Hi pytorch guys,
I bumped into an issue that if I set torch.backends.cudnn.benchmark = True in pytorch 2.x and an almost full GPU memory-sized tensor is used, the first backward() function takes too long. It is okay when I use pytorch 1.x.
Below is my test code.
import time
import torch
import torch.backends
import torch.backends.cudnn
from torchvision.models import resnet18
torch.backends.cudnn.benchmark = True
print(f'torch: {torch.__version__}')
print(f'{torch.backends.cudnn.benchmark=}')

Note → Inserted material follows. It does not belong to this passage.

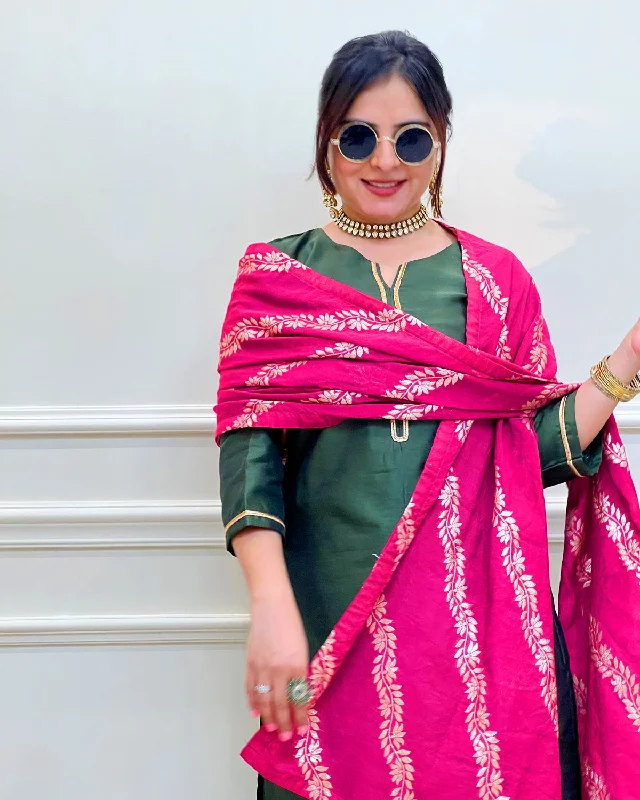 Meher Silk Straight Kurta, Pants & Dupatta Trendy Printed Pants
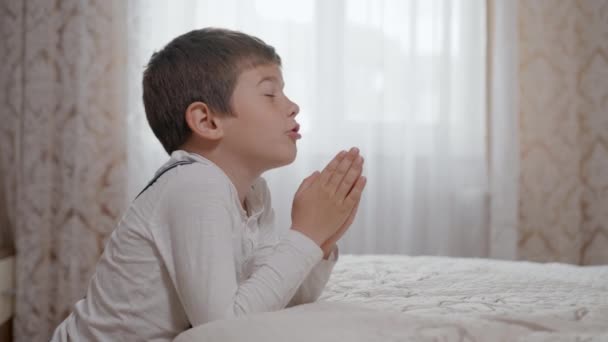 gelovige jongen, met hoop in zijn hart en met gevouwen armen bidt tot God - Video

device = torch.device('cuda:0')
model = resnet18().to(device)
# Loss function.
criterion = torch.nn.CrossEntropyLoss()
model.train()
image = torch.rand((5, 3, 2048, 2048))
labels = torch.randint(0, 1, (5,))
image = image.to(device)
labels = labels.to(device)
# Forward pass.
outputs = model(image)
# Calculate the loss.
loss = criterion(outputs, labels)
# Backpropagation
start = time.time()
loss.backward()
print(f'Backward time: {time.time() - start}')
My GPU is RTX 3080 and bigger than (5, 3, 2048, 2048) tensor generates OOM.
pytorch 1.13.1, benchmark false
torch: 1.13.1+cu117
torch.backends.cudnn.benchmark=False
Backward time: 0.6044294834136963
pytorch 1.13.1, benchmark true
torch: 1.13.1+cu117
torch.backends.cudnn.benchmark=True
Backward time: 1.2438836097717285
pytorch 2.4.1, benchmark false
torch: 2.4.1+cu118
torch.backends.cudnn.benchmark=False
Backward time: 0.3900582790374756
pytorch 2.4.1, benchmark true
torch: 2.4.1+cu118
torch.backends.cudnn.benchmark=True
Backward time: 17.757819414138794
Is there any changes in the cudnn benchmark behavior since pytorch 2.x?